[About this exercise] Starting at the first line of the entries below, restate each line exactly until you reach the line with "Moissanite Gold Plated", and print that one too. Leave the pictures out and stop there.
══════════
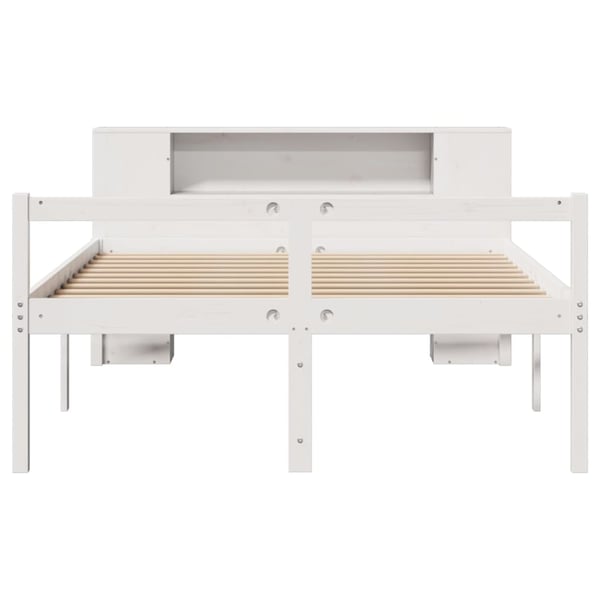 vidaXL seng med reol uden madras 160x200 cm massivt fyrretræ hvid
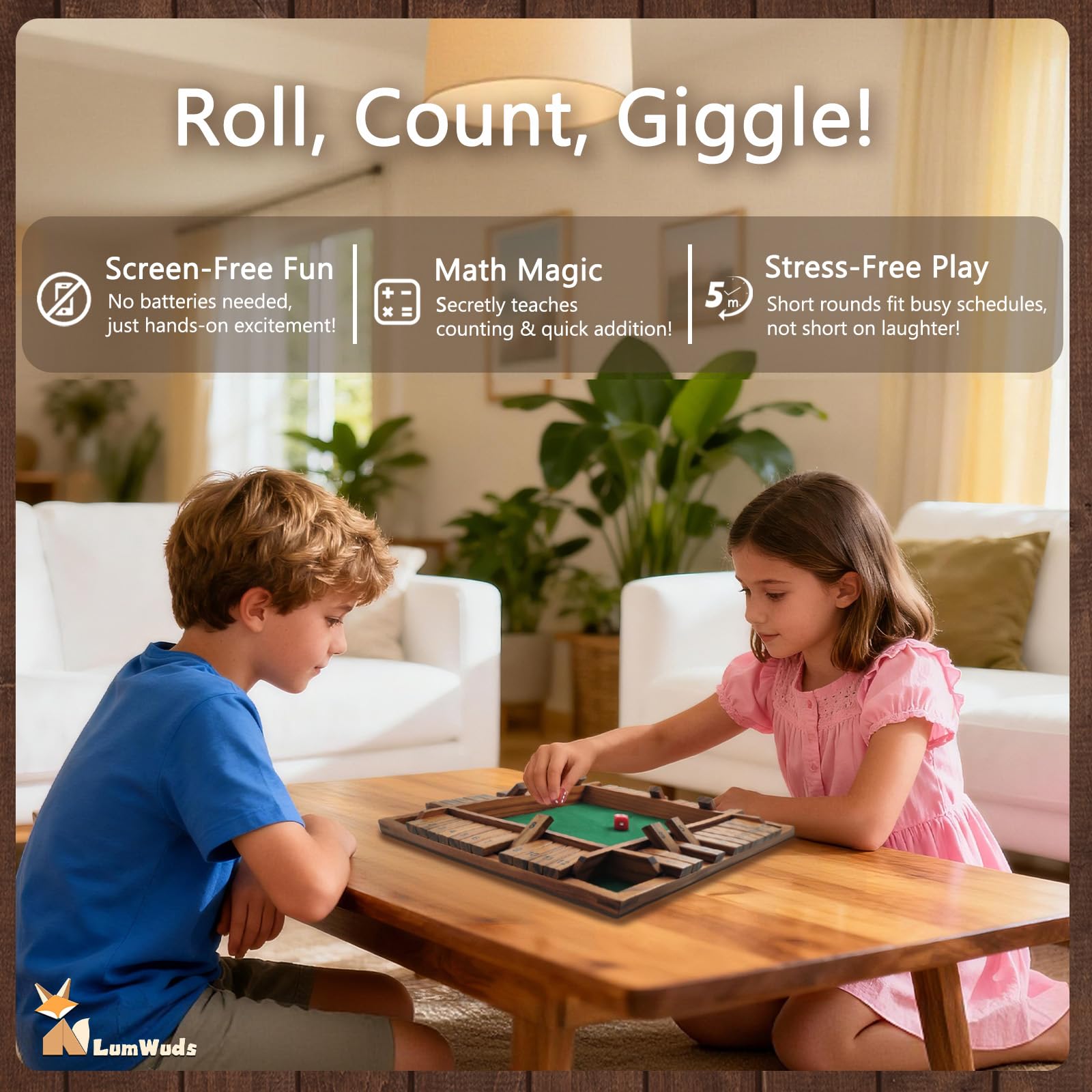 Shut The Box Spiel Holzbrett (13,78 Zoll) für 1-4 Spieler, Familien-Würfelspiele für Erwachsene mit 12 Würfeln, Kinder Pädagogisches Lernen und Erwachsene Party Entertainment Board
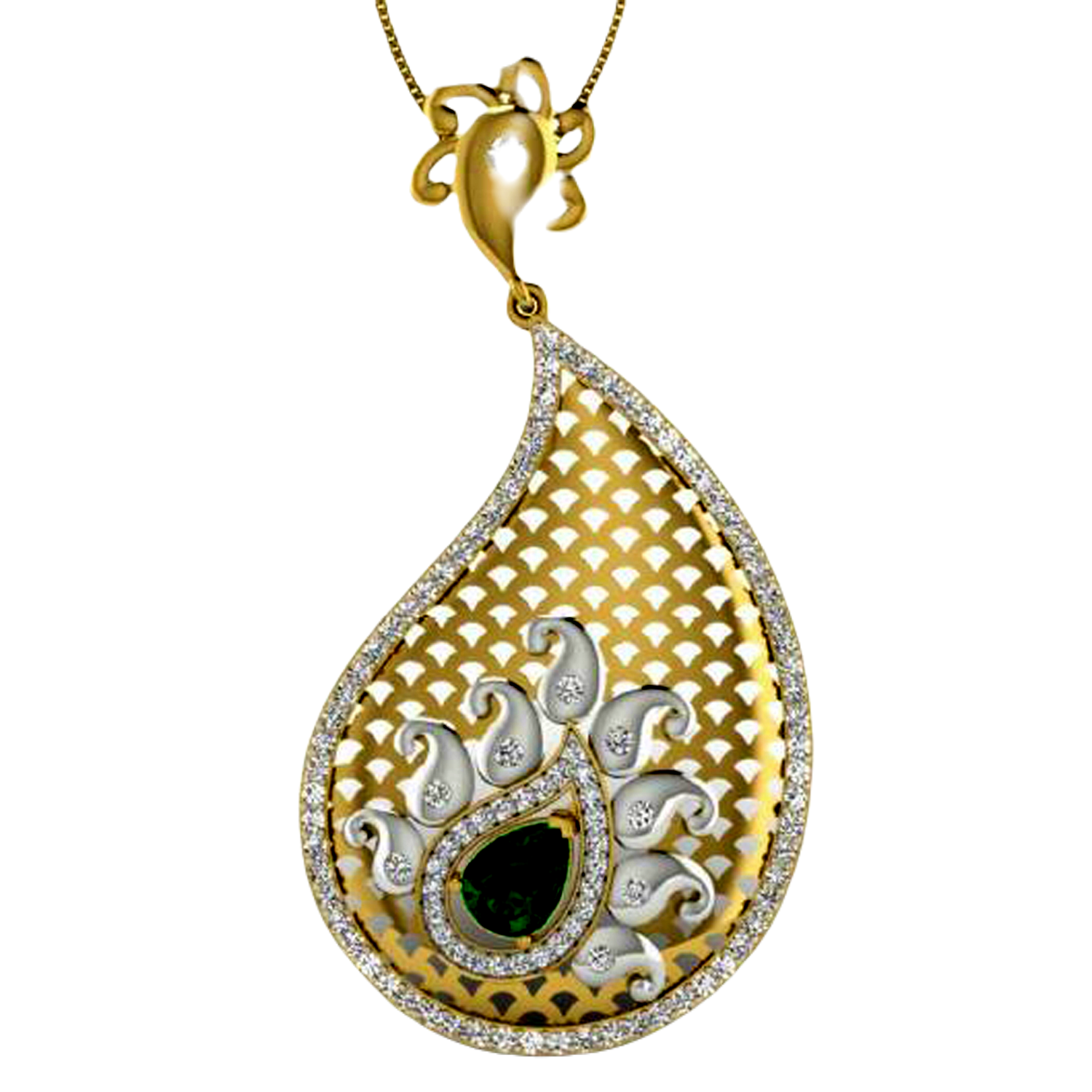 Moissanite Gold Plated Silver Everyday Heartthrob Pendant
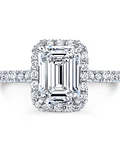 Exclusivo Anillo Solitario Diamante Esmeralda Oro Blanco 18K / GIA
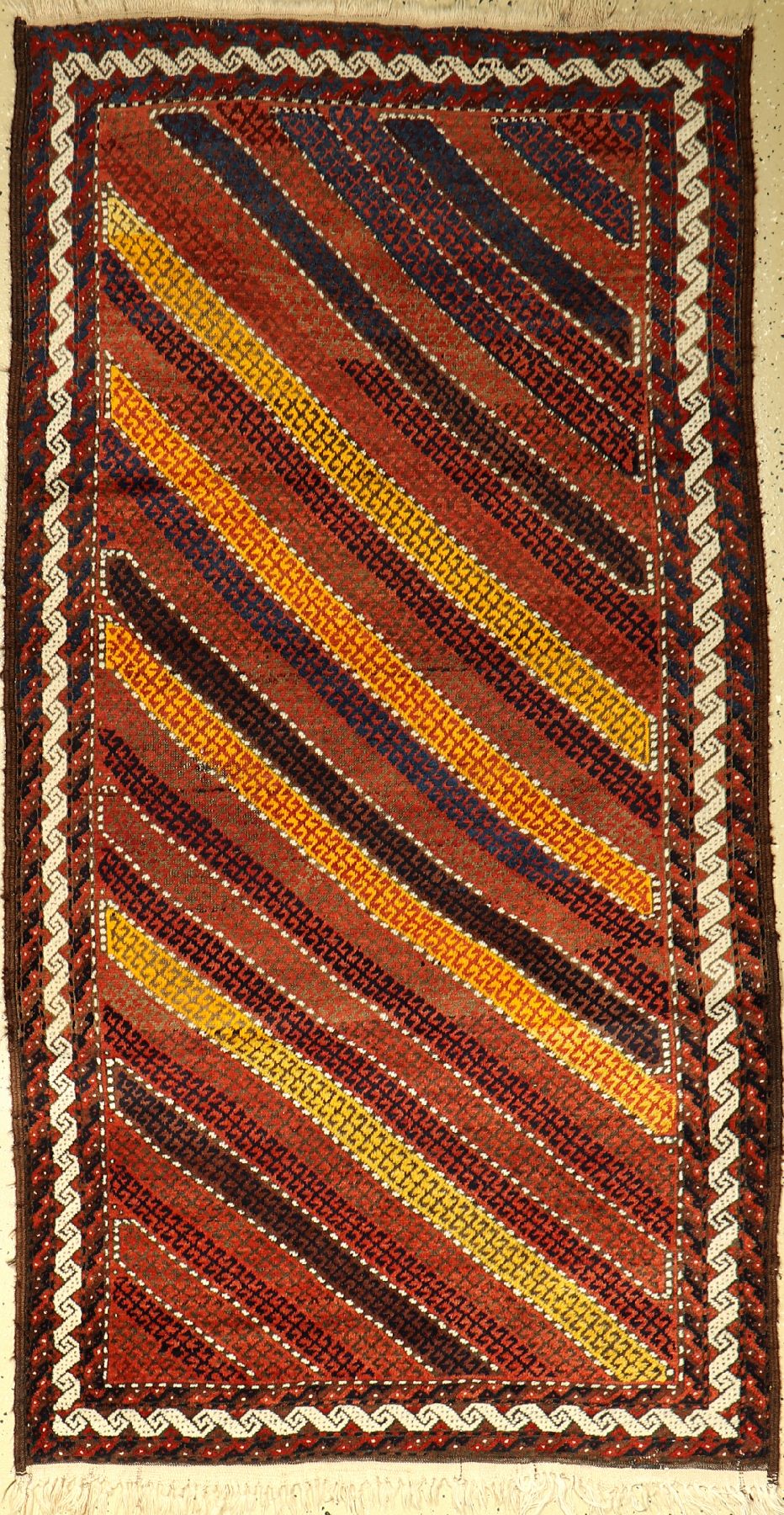 Seltener Streifen Belutsch, alt, Persien, um 1940, Wolle auf Wolle, ca. 187 x 99 cm, dekorativ, EHZ: 2-3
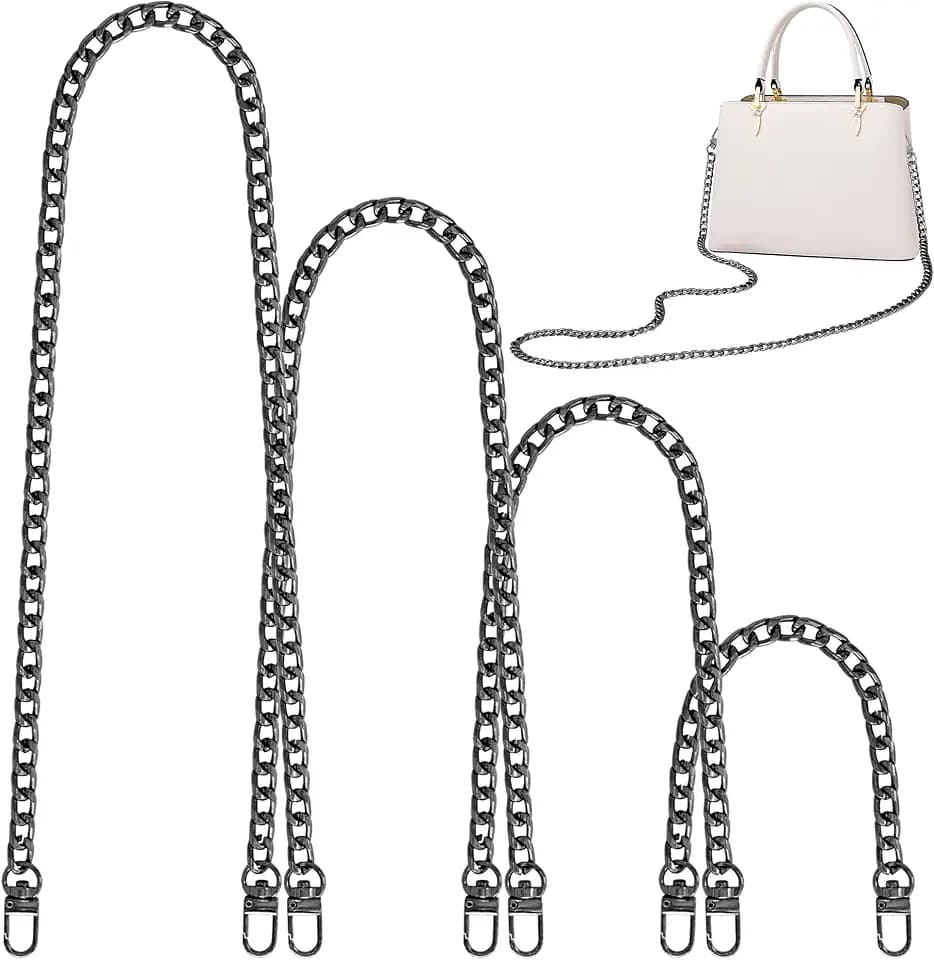 4 Sizes Flat Purse Chain Strap Crossbody Bag Replacement Strap with Metal Buckles(47.2/31.5/15.7/7.9 Inches, Grey Black)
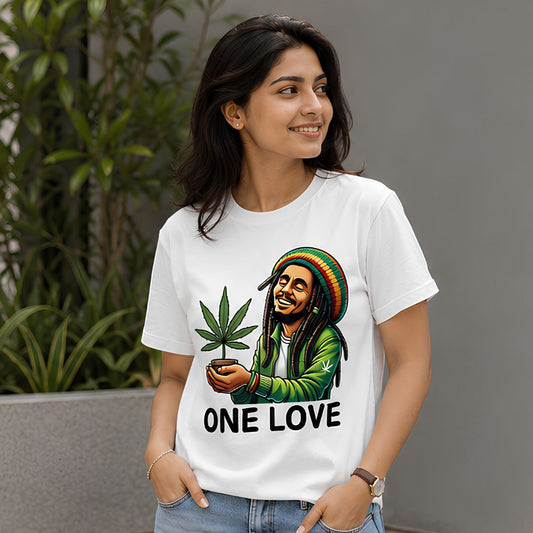 bob marley the only love t-shirt music band buy online india the banyan tee tbt men women girls boys unisex white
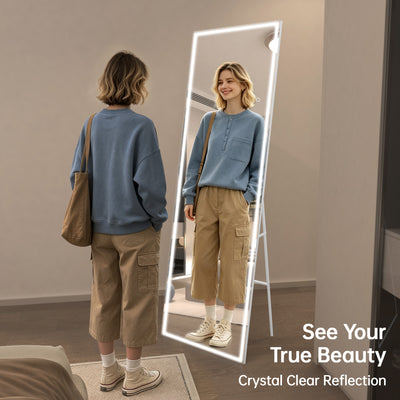 Sumerain 75"x28" LED Floor Mirror with Lights, White Frame Full Length Mirror with Dimming & 3 Color Temperatures, Standing Full Body Mirror for Bedroom, Dressing Room, Cloakroom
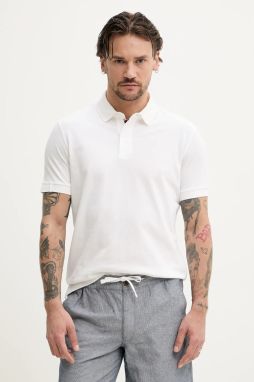 Bavlnené polo tričko Superdry pánske, biela farba, jednofarebné, M1110438A-01C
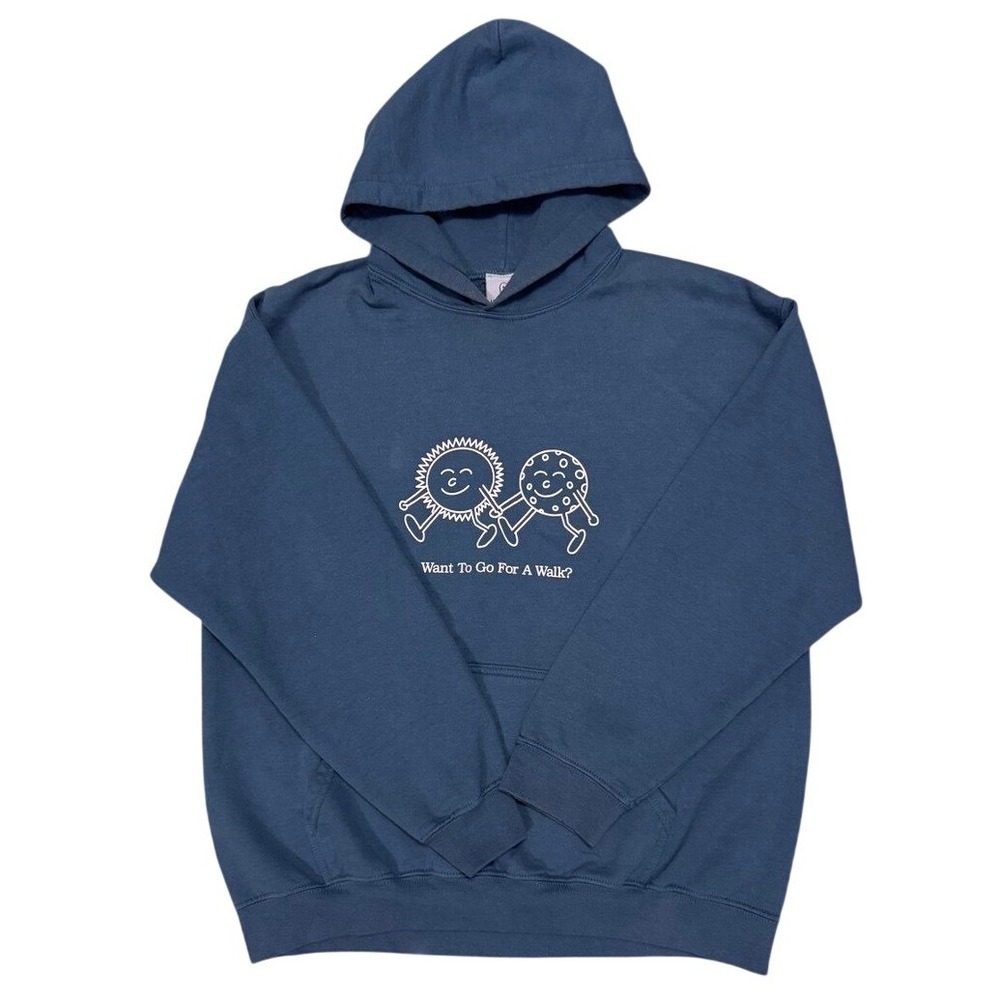 Lonely Ghost Hoodie Unisex Large Blue Different Ways To Say I Love You Graphic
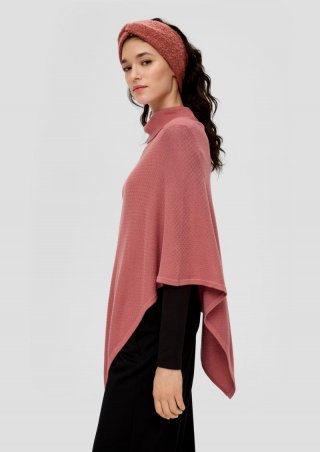 s.Oliver Poncho aus Viskose-Baumwoll-Mix - papaya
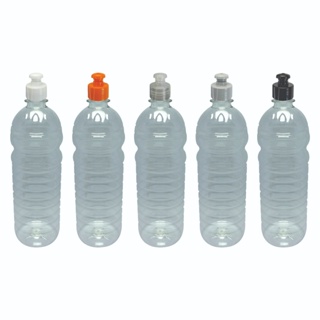 5 Frascos Plástico Cristal Pet 900ml C/ Tampa Pushpull Sho em Oferta na Shopee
══════════
[Result of this exercise]
 vidaXL seng med reol uden madras 160x200 cm massivt fyrretræ hvid
 Shut The Box Spiel Holzbrett (13,78 Zoll) für 1-4 Spieler, Familien-Würfelspiele für Erwachsene mit 12 Würfeln, Kinder Pädagogisches Lernen und Erwachsene Party Entertainment Board
 Moissanite Gold Plated Silver Everyday Heartthrob Pendant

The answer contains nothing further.